Does anyone else have trouble knowing when to push their kids and when to step back?  I was having this conversation with a friend of mine the other day.  My daughter just got her pointe shoes for ballet-- quite a milestone!  She has loved ballet, and has worked hard to get to this point.  She had a little mini-crisis though, deciding whether or not she should make ballet her career, or go on to college.  She's 12.  I told her that there was plenty of time to figure that out.  She does have a natural grace, and I love to watch her dance, but I don't push her.

My friends' daughter is younger and takes ballet, but has started playing soccer.  He personally thinks soccer is a more natural fit for her, but he's a guy.  I suggested he try not to lead her down the path he wants, and let her decide.  She's young enough that she can do both right now, and figure it out for herself.

Do you push your kids? Why or why not?

(2) Comments
Posted by: Bill on February 10, 2008 12:39PM EST
I agree with Sue F. I have two boys who wanted to play base ball in elementary school. They both wanted to quit the first year when they found out they could not. My youngest spent more time on top of the dugout than in it.

I insisted that both of my sons stick it out and by the end of the first season they loved it. By the third season they were so much bigger than the other boys on their team that they actually became the team since they were good at any position they played, but mostly one would pitch and the other played catcher.

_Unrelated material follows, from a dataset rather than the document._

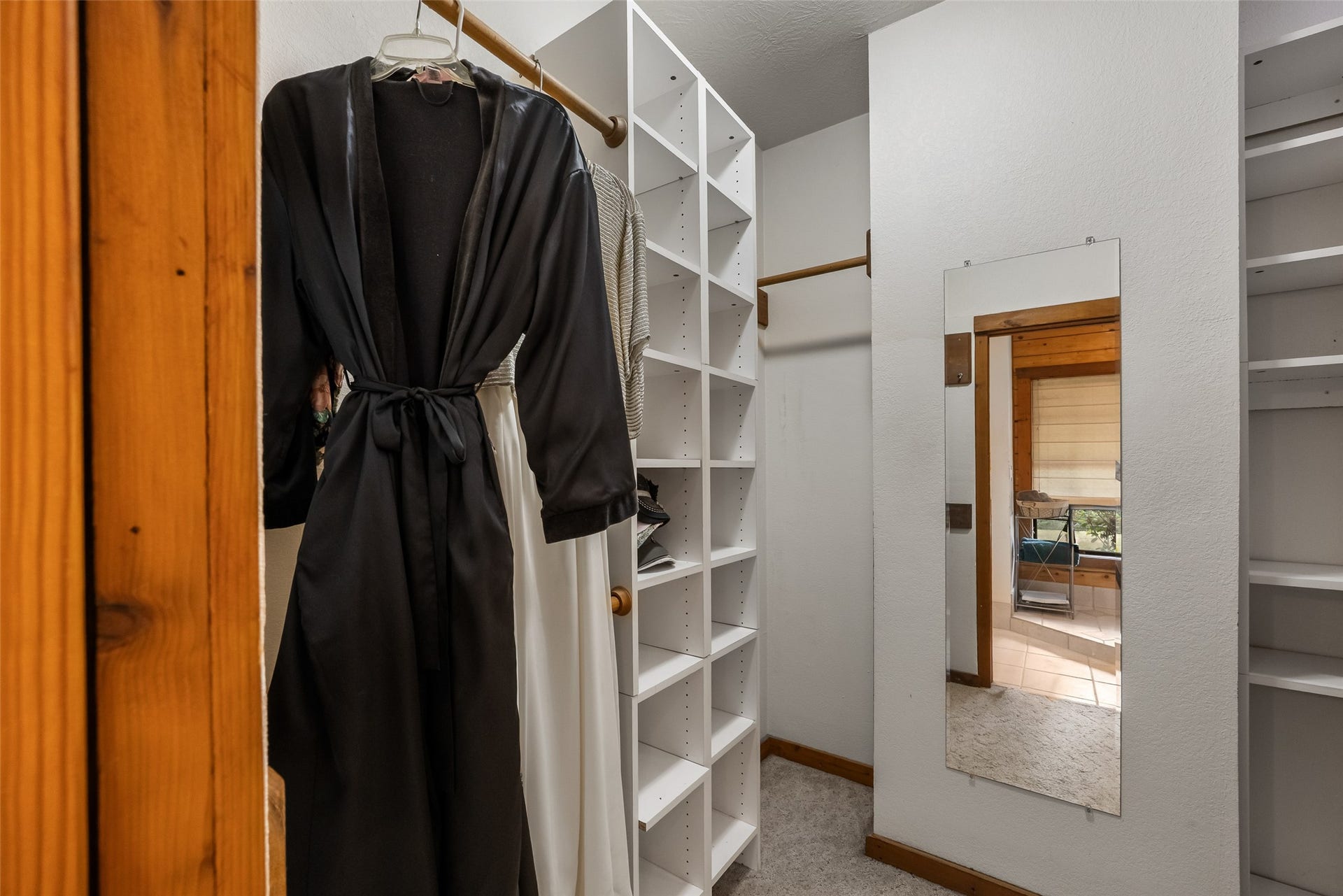 27874 Riley Road, Waller, TX 77484 You'll appreciate all the storage in this spacious walk-in closet, with multiple hanging rods, open shelving and a full-length mirror to make getting ready a little easier.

Needless to say their achievements impressed the other boys as well and they all played for 5 years earning the top honors each year. They also went on to play basketball and football as well when baseball season was over.

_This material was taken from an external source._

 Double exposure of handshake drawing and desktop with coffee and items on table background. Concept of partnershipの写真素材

Like I said in another comment, kids depend on us as parents to make the decisions even if they don't agree sometimes. They may be upset with our decisions now, but they will thank us later.


Posted by: Sue F. on January 24, 2008 7:51AM EST
I don't push mine as a rule. I guess I don't want to cause additional stress in his life since I know kids have enough of that. But he did ask for a guitar several years ago for Christmas. I told him if he got one, he was going to take lessons because something that expensive is not going to be a toy he just plunks for a while and then puts away never to be touched again.

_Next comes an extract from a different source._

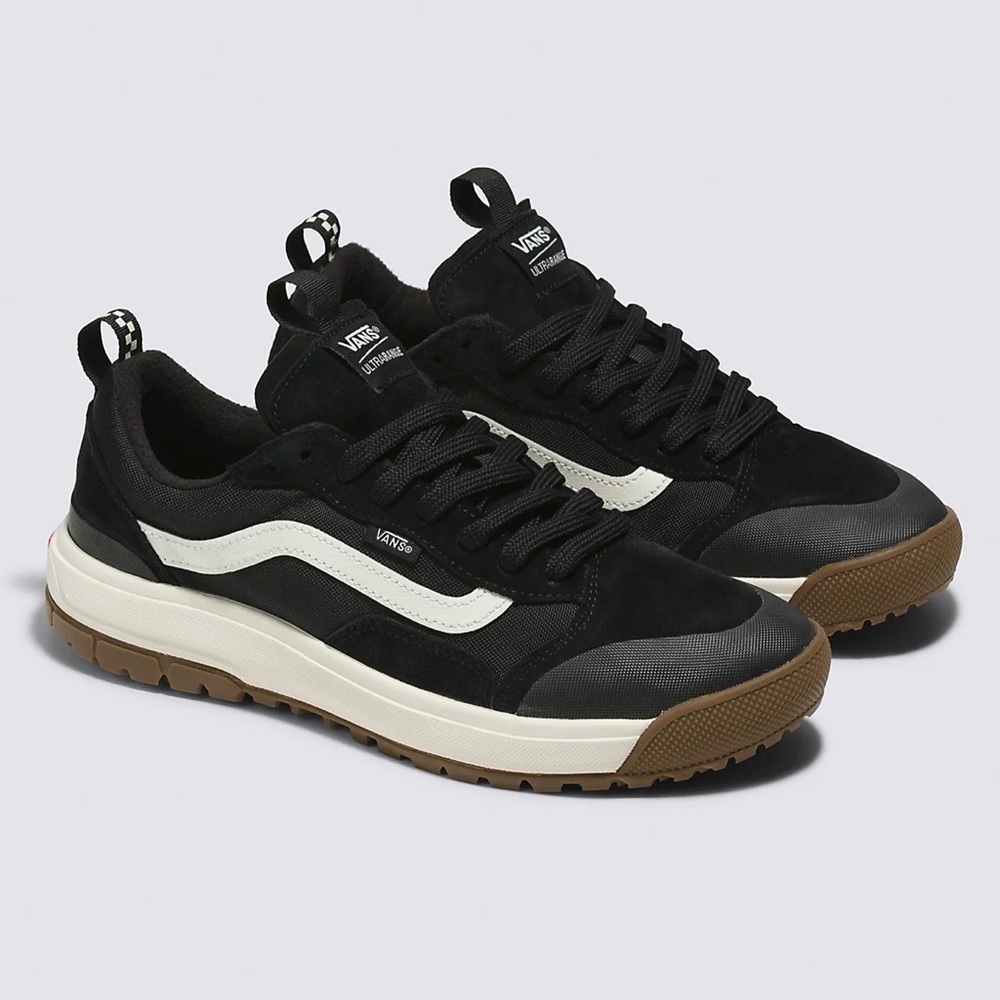 Vans Black and Cream Sneakers with Iconic Style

Long story short, he received the guitar, didn't want to take lessons, but I made him try them anyway. That was about three years ago, he really has a gift for it and he's still playing after sticking with his lessons for almost two years.

I'm glad I pushed him to at least try. I guess that's pretty much my motto. Give it a try and see how you like it. And with sports, I always made him finish what he started. If he joined a team he had to go to all practices and games and finish out the season because he had made a commitment to a team. But then I would let him decide if he wanted to stop playing after that.